Retalhos de memórias perdidas

     Do que é feita a história? Como ela se faz? Quem a faz?
     São questões que podem nos assaltar de vez em quando. O vulgo tende a achar que a história é feita apenas de grandes ações levadas à efeito por personagens inesquecíveis em momentos que passam à posteridade como decisivos. 
     É assim que acontecimentos como o Dia D, a Queda da Bastilha, os atentados de 11 de setembro se tornam na mente da massa fatos importantes, marcos históricos como se diz, e personagens como Hitler, Napoleão, Albert Sabin passam à história como heróis ou vilões.
     Mas o que dizer dos anônimos, ou quase, que tomam parte nos grandes acontecimentos? Não seriam eles também dignos de serem lembrados? E quanto ao ponto de vista daqueles personagens que colaboram, ou melhor dizendo, que são diretamente responsáveis pelos marcos históricos? Afinal, um fato só pode ser considerado de grandes proporções justamente por envolver o maior número de pequenos acontecimentos e de pessoas que dão seu quinhão à magnitude de qualquer evento.
     Estas reflexões me vêm à mente logo após a leitura de dois livros cujo tema é a Segunda Grande Guerra.

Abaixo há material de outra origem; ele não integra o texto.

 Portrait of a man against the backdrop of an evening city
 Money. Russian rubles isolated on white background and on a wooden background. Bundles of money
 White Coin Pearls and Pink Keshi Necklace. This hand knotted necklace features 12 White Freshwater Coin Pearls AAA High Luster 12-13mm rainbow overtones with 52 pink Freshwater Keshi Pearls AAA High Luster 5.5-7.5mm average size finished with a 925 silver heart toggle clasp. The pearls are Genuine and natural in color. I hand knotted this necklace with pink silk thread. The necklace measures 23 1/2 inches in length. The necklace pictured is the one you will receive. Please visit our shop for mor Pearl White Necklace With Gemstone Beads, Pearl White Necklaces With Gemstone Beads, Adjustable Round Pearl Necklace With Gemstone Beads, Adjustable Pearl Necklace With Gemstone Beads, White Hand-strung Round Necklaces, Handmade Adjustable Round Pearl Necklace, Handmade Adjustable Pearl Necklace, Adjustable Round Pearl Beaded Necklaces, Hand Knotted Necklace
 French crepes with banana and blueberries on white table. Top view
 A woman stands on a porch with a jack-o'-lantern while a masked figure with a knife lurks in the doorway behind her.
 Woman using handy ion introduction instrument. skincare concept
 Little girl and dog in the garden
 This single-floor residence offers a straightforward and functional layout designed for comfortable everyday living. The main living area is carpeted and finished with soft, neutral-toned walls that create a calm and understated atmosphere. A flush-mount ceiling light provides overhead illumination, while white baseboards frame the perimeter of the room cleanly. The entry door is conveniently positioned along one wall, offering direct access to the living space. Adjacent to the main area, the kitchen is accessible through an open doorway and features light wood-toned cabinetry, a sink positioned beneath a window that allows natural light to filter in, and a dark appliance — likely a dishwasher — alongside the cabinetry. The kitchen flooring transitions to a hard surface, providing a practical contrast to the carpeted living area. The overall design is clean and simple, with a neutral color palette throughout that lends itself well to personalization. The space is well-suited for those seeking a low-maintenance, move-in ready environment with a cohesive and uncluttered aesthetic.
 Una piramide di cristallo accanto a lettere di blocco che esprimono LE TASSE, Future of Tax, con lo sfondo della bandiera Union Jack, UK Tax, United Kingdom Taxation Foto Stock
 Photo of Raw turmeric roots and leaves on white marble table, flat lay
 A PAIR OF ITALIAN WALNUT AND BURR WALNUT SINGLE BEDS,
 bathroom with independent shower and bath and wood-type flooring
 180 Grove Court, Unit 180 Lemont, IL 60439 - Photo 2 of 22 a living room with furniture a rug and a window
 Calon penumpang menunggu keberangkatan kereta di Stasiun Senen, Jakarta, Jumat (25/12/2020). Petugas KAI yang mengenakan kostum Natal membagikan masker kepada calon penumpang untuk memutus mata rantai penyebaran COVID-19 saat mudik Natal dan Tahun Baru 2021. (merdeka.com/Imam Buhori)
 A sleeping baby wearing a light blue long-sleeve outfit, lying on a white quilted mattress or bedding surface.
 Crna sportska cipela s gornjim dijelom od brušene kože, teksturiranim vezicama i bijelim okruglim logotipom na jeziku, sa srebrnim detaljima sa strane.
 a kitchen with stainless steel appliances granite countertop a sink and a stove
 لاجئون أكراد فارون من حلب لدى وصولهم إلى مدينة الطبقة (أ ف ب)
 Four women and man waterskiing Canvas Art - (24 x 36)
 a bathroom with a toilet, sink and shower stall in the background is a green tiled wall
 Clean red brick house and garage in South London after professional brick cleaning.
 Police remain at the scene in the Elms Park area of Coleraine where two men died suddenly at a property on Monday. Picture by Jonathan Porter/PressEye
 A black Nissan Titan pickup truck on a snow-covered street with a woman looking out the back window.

Não, não se tratam de estudos sobre o grande conflito do século passado. Também não são textos com revelações dos bastidores da guerra. Tão pouco são narrativas de ficção ambientadas naquele contexto. São dois diários, isso mesmo, diários de guerra. Como se não bastasse, são dois diários de guerra escritos por brasileiros que lutaram na Itália.
     O Diário de Guerra (2008), de Rui Moreira Lima, e Diário de um Herói de Guerra (2006), organizado por Roberto Pessoa Ramos Neto, ambos publicados pela Adler, apresentam visões únicas e distintas sobre a participação da Força Aérea Brasileira (FAB) na campanha aliada em território italiano. É interessante notar como os mesmos acontecimentos podem ser narrados de forma tão diversa dependendo de qual for a intenção daquele que o narra. 
     O livro de Rui Moreira Lima, que já tinha brindado o público interessado pelo tema com o antológico e obrigatório Senta a Pua! (1980), apresenta anotações feitas in loco, isto é, em pleno campo de batalha, com as descrições resumidas das missões cumpridas pelo então Tenente do 1º Grupo de Aviação de Caça; anotações estas que  registram os componentes das esquadrilhas, os objetivos da missão e os alvos destruídos. Apontamentos feitos de forma metódica em pequenas cadernetas e que foram enriquecidos posteriormente por descrições mais detalhadas, inclusive com indicações sobre o desfecho de alguns acontecimentos.
     Já o Diário de um Herói de Guerra traz os apontamentos do então Capitão Roberto Pessoa Ramos organizados por seu neto homônimo. O que chama a atenção neste segundo título é o despojamento da escrita do jovem piloto brasileiro. Não há nele a preocupação em apresentar os dados ou os fatos de maneira acadêmica, formando antes um amálgama de registros e impressões, nos quais a visão pessoal do ser humano demonstra bem a garra, a fibra e o idealismo do guerreiro.
     Ambos os títulos servem como janelas para o passado, através das quais o leitor tem uma oportunidade rara de ver a guerra e a participação brasileira sem nenhum  artificialismo de discursos pseudo-ideológicos que se poderia esperar de livros com tal temática.
     Em um tempo dominado por uma visão que busca parecer intelectualizada, mas que disfarça sua superficialidade com palavras de efeito pronunciadas aos berros, em que o elogio a qualquer aspecto de nossa história militar vira motivo para sermos acusados de reacionários, em que ser patriota virou sinônimo de concordar com tudo o que a massa ignorante aceita vindo de cima, em que o Poder Total busca sutilmente impedir a liberdade de expressão e de pensamento, é oportuno lembrar destes esquecidos, injustiçados guerreiros que lutaram pela liberdade em um mundo cuja loucura só seria suplantada pela alienação de nossa época.
     Lutar pela liberdade com a bandeira de um país cujo poder era reconhecidamente totalitário pode parecer  hipócrita se visto com o olhar viciado por discursos vazios de ideal, como são os de nossos dias. Mas a verdade salta das páginas dos diários como a nos cobrar: o que vocês fizeram de nosso sacrifício?